On first reading the books , I was immediately struck by the great change of perspective between "Nausea" and "the Roads to Freedom" trilogy.
Nausea - which from a literary perspective is by far my favourite - takes place completely within Roquentin's consciousness and is concerned (I think!) with the contradiction between the reality of world and the way humans believe it is structured. For example, Roquentin believes initially that reality consists of Platonic essences, the Autodidact thinks knowledge is structured alphabetically in the form of a library collection and Annie believes that life comprises a series of 'perfect moments'. All are shown to be false .
With Roads to Freedom Sartre moves out from the individual philosophical consciousness into the world of the human tragedy and politics. I haven't read a critique of any of the books but I think a close reading of the trilogy would reveal the genisis of Sartre's move away from Being and Nothingness towards the Critique.
I too found 'The Reprieve' a hard read. I know he borrowed the switching viewpoint from Dos Pasos, but I wondered whether he hadn't adopted the style to keep the reader constantly focussed on the devloping narratives. If you don't keep the various narrative strands in memory, then you have to flip back to remind yourself of what had happened previously.
On a more philosophical level, the narrative encompasses a series of multiple consciousness functioning simultaneously; something that Being and Nothingness allows for but does not replicate.
I'd be interested to hear what his aims were in writing the books.

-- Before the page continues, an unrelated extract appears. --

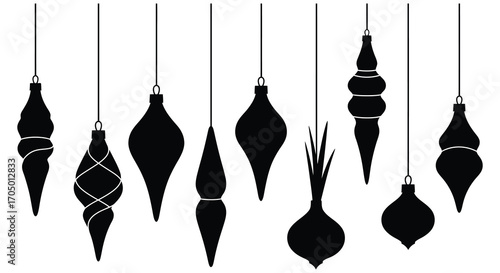 black ornaments hanging from strings in various shapes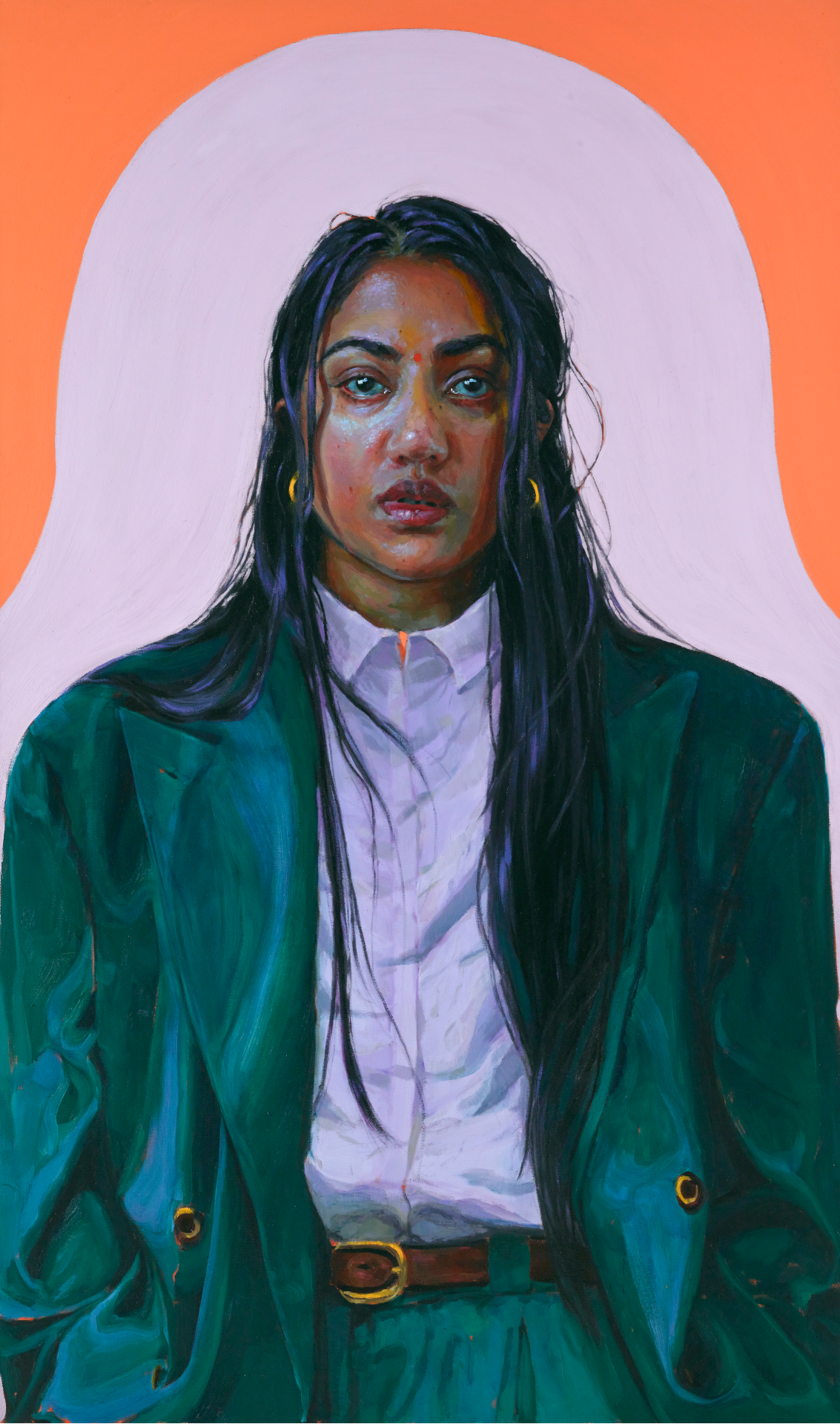 A self-portrait of Kirthna Selvaraj looking straight ahead and wearing an oversized green suit, with a white button-down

, "scarey1917" <scarey1917@y...> wrote:
> I'm re-reading Sartre's trilogy of novels "The Roads to Freedom." I
> liked the first installment: "The Age of Reason." It takes place over a
> three day period, and is written in a tradition way, with events taking
> place one after another. But in the second volume, "The Reprieve", he
> changes style. There he's into a "stream of consciousness" and a
> "simultaneous" mode that drives the reader crazy. In the course of a
> single sentence, for example,the scene might shift from one character
> to another. Often times one doesn't know which character's head one is
> in. I keep thinking to myself: if I'm going to work this hard reading a
> book, it ought to be nonfiction! Any observations on these books?